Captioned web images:
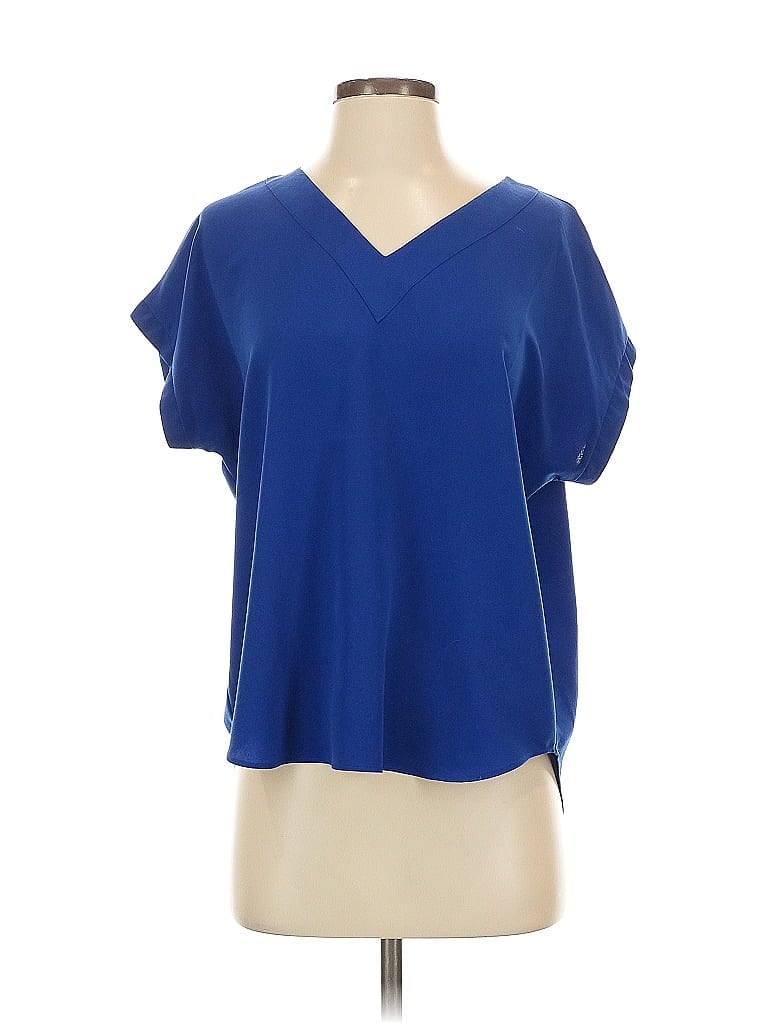 Pre-owned The Limited Short Sleeve Blouse In Blue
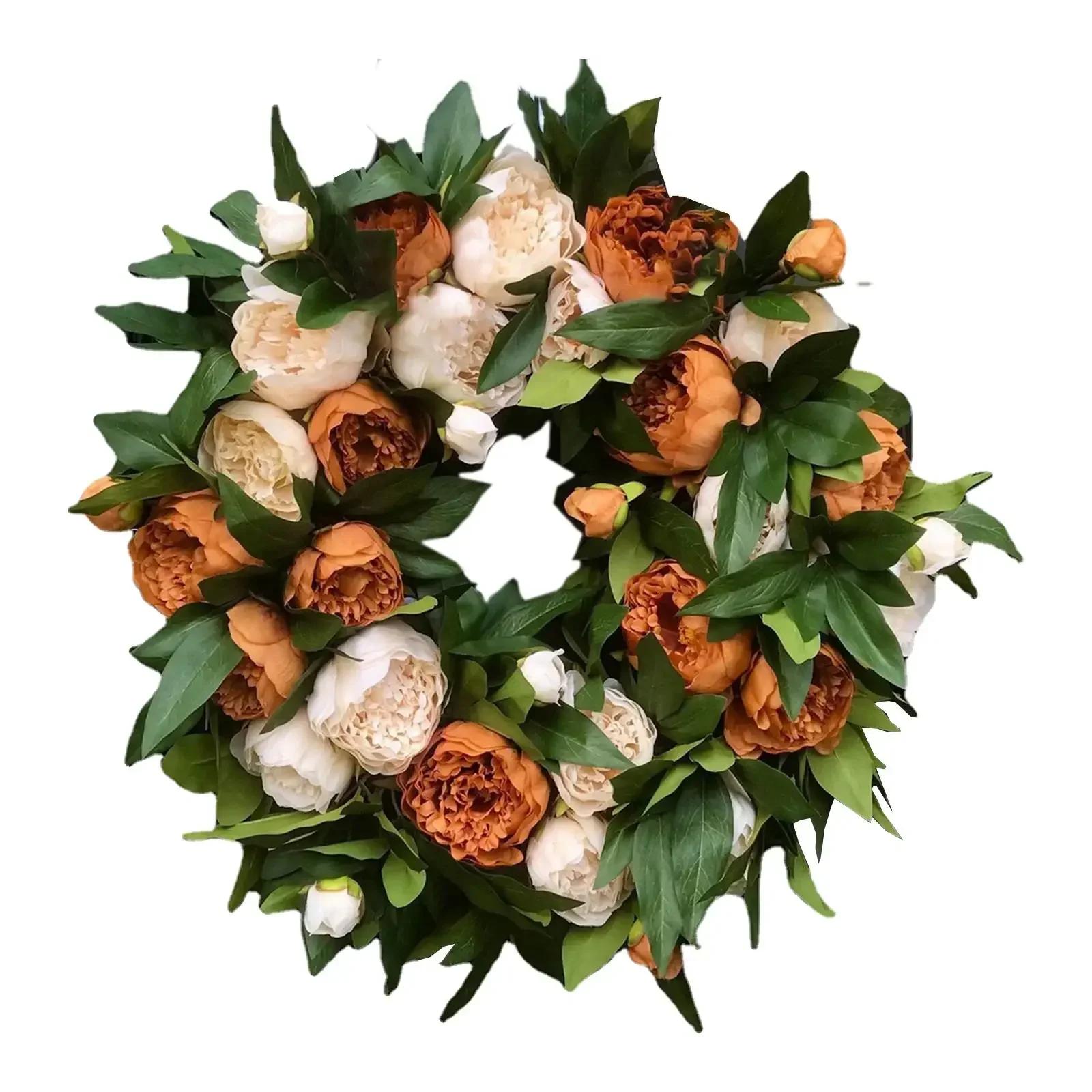 

Creative Fashion 40cm Spring Summer Door Wreath Peony Silk Flowers Large Spring Garland Green Leaves Welcome Sign for Party Home 40cm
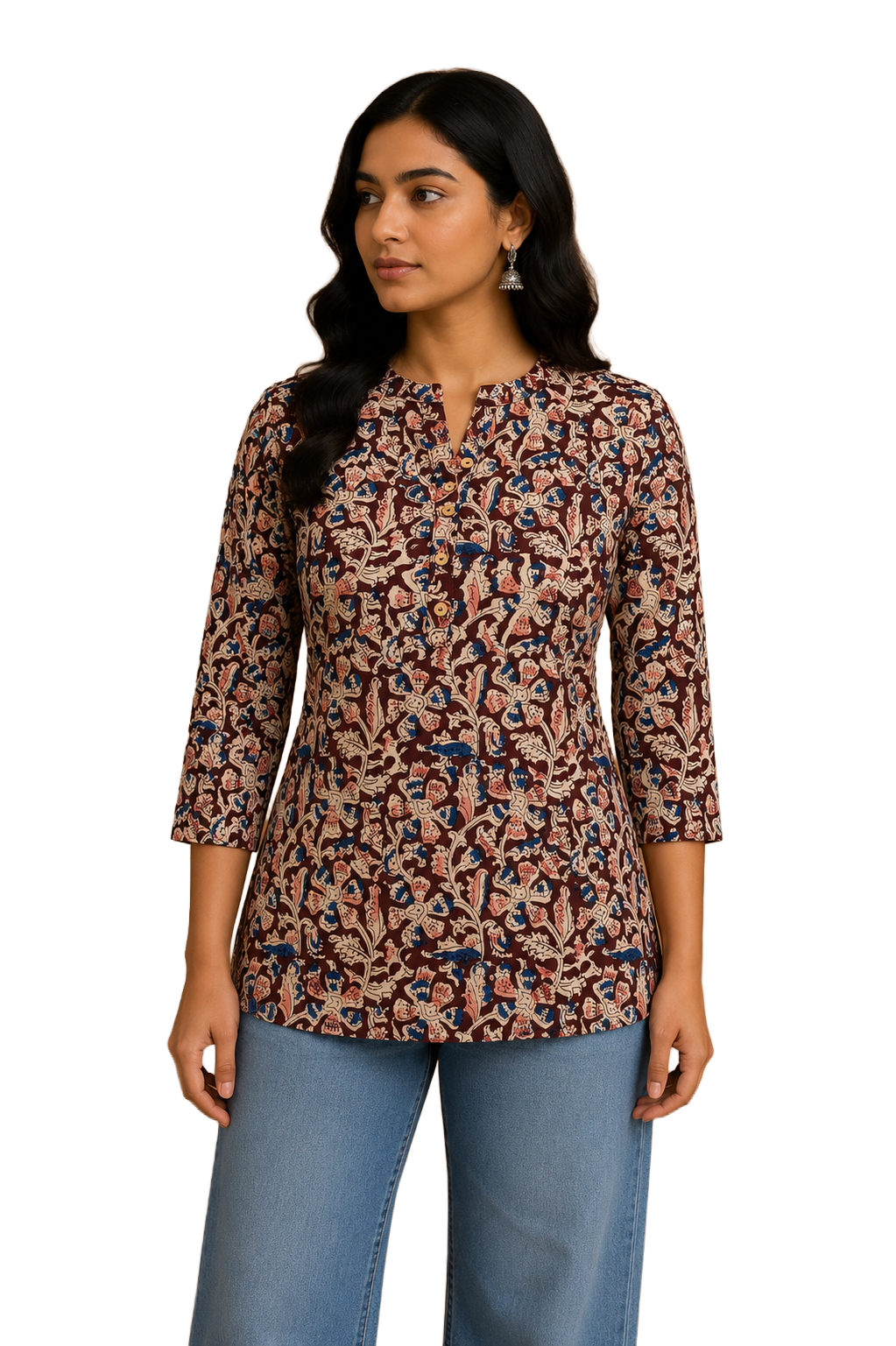 Women's Cotton Blend Printed Mandarin Collar Top | 3/4 Sleeve Casual Top for Women | Regular Fit Everyday Office & Casual Wear - JS25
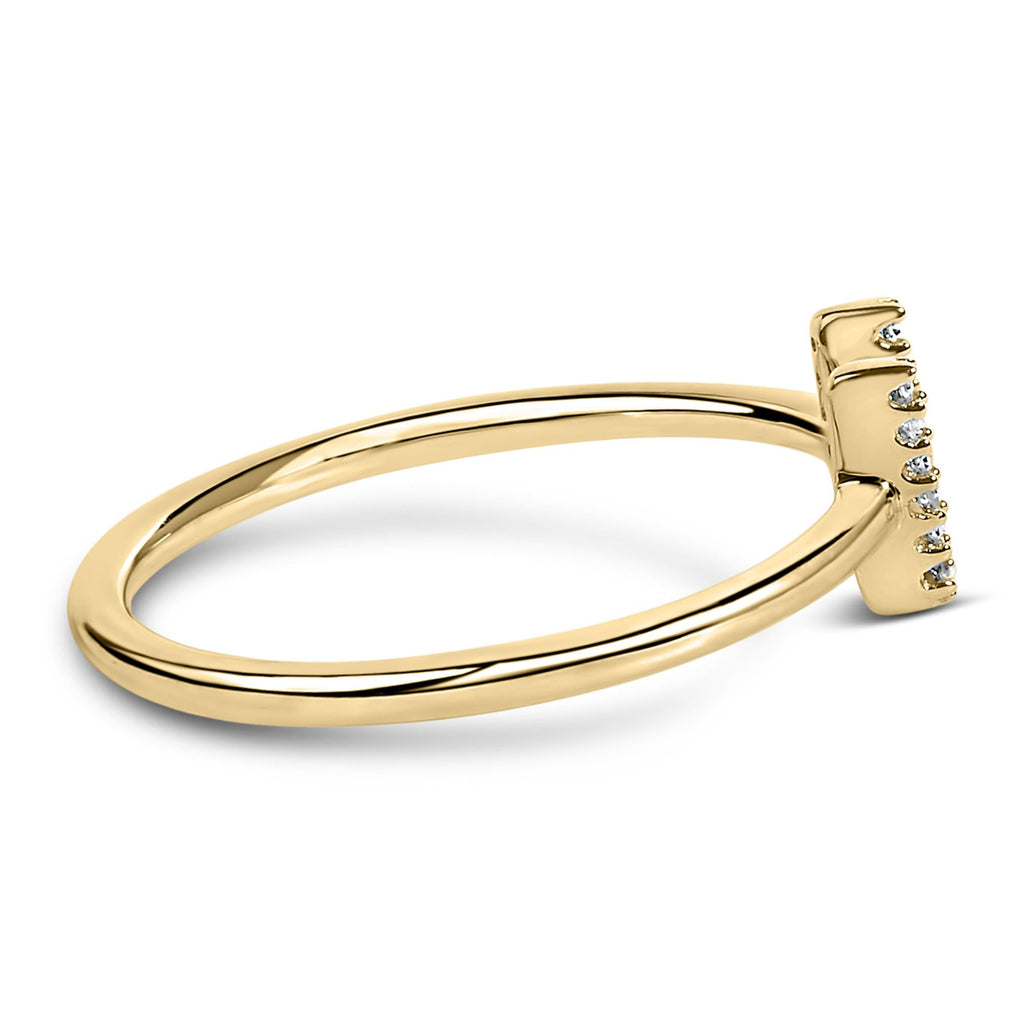 10K Yellow Gold Diamond Accent Initial “A-Z” Ring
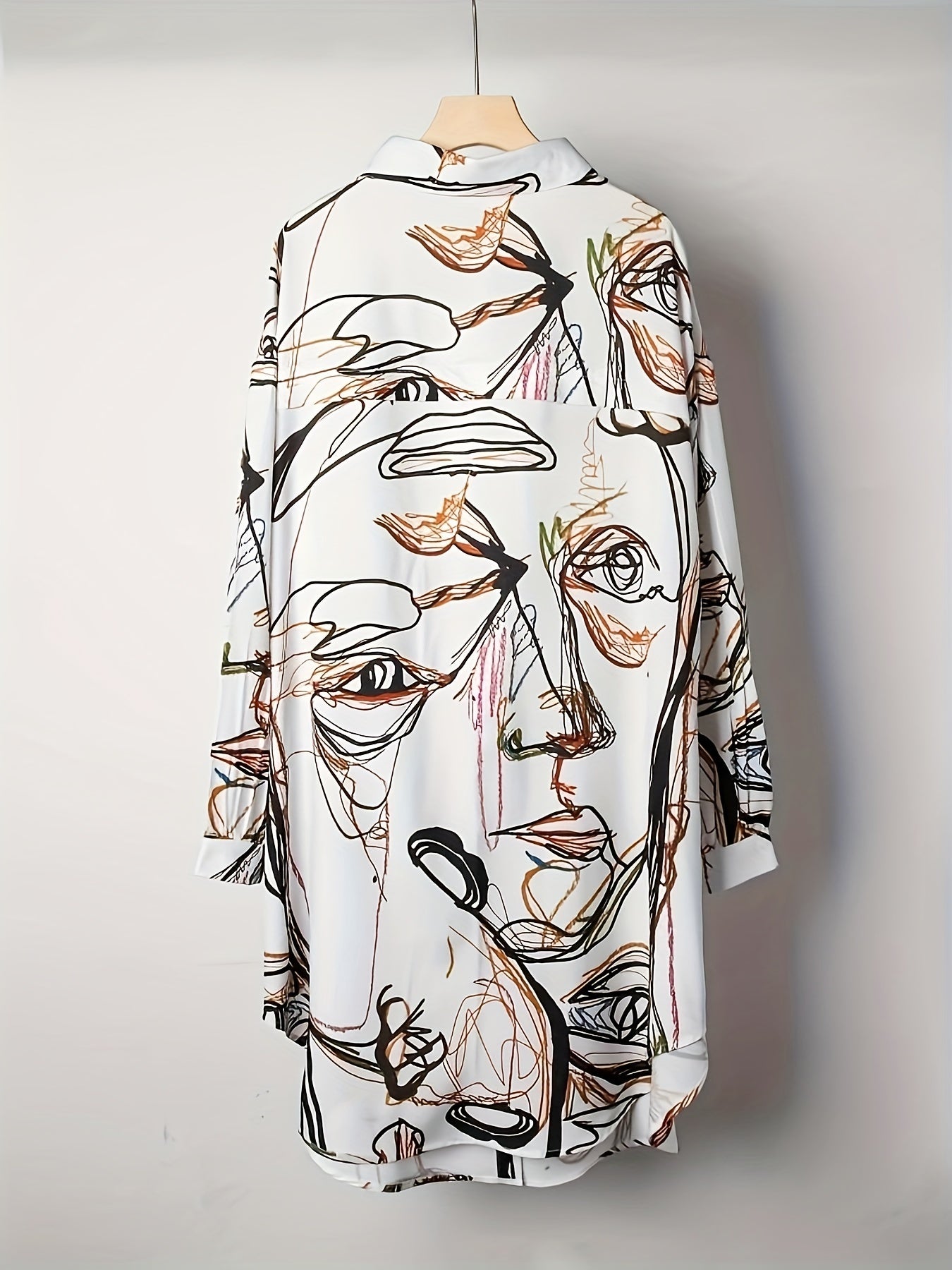  Women's Graffiti Figure Print Long Sleeve Dress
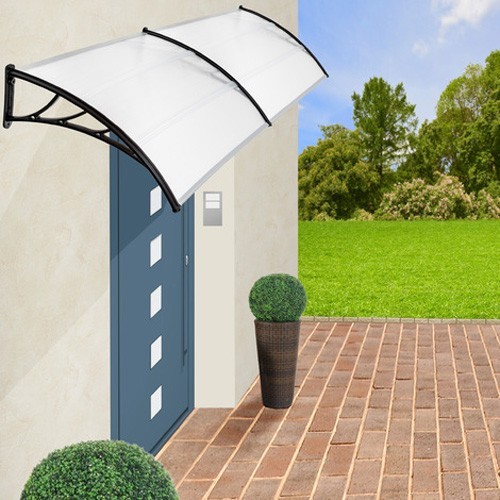 Pensilina Tettoia 100x80 Opaco in Policarbonato Compatto Copertura Trasparente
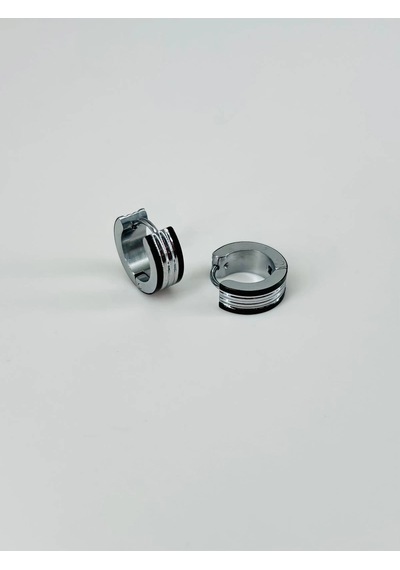 Rodyum Ve Siyah Çelik Erkek Küpe Çap 9 Mm Kalınlık 5 Mm - Ekp0009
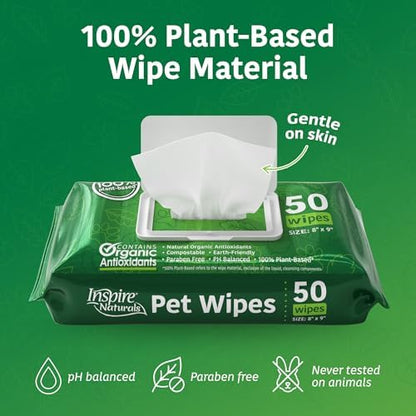 Inspire Naturals Pet Wipes for Dogs and Cats 100% Natural Plant Based with Organic Antioxidants, Dog Wipe Cleaning Deodorizing | Puppy Wipes | Dog Wipes for Paws and Butt (400ct - 8 Pack) - Image 2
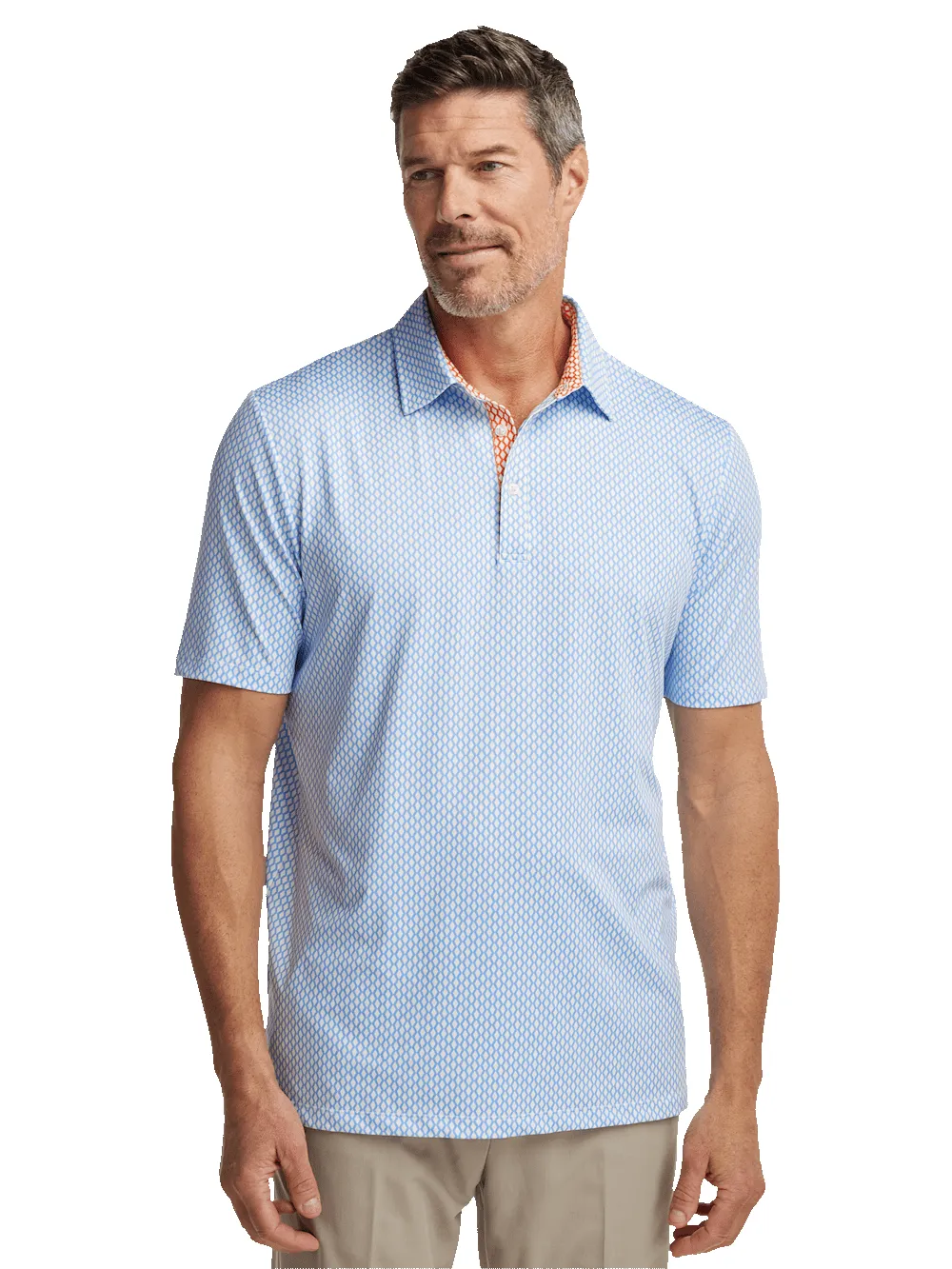 Performance Blend Three Button Polo - Blue sold by Paul Fredrick product image thumbnail 2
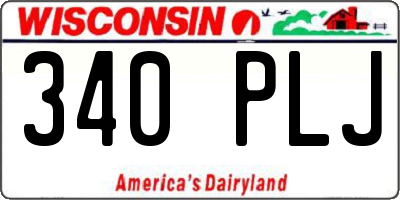 WI license plate 340PLJ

ASSIGNMENT: Your reply should hold nothing but the lines above, from the one containing "Pensilina Tettoia 100x80" to the one containing "Inspire Naturals Pet", reproduced exactly minus the pictures.

FINISHED EXERCISE:
 Pensilina Tettoia 100x80 Opaco in Policarbonato Compatto Copertura Trasparente
 Rodyum Ve Siyah Çelik Erkek Küpe Çap 9 Mm Kalınlık 5 Mm - Ekp0009
 Inspire Naturals Pet Wipes for Dogs and Cats 100% Natural Plant Based with Organic Antioxidants, Dog Wipe Cleaning Deodorizing | Puppy Wipes | Dog Wipes for Paws and Butt (400ct - 8 Pack) - Image 2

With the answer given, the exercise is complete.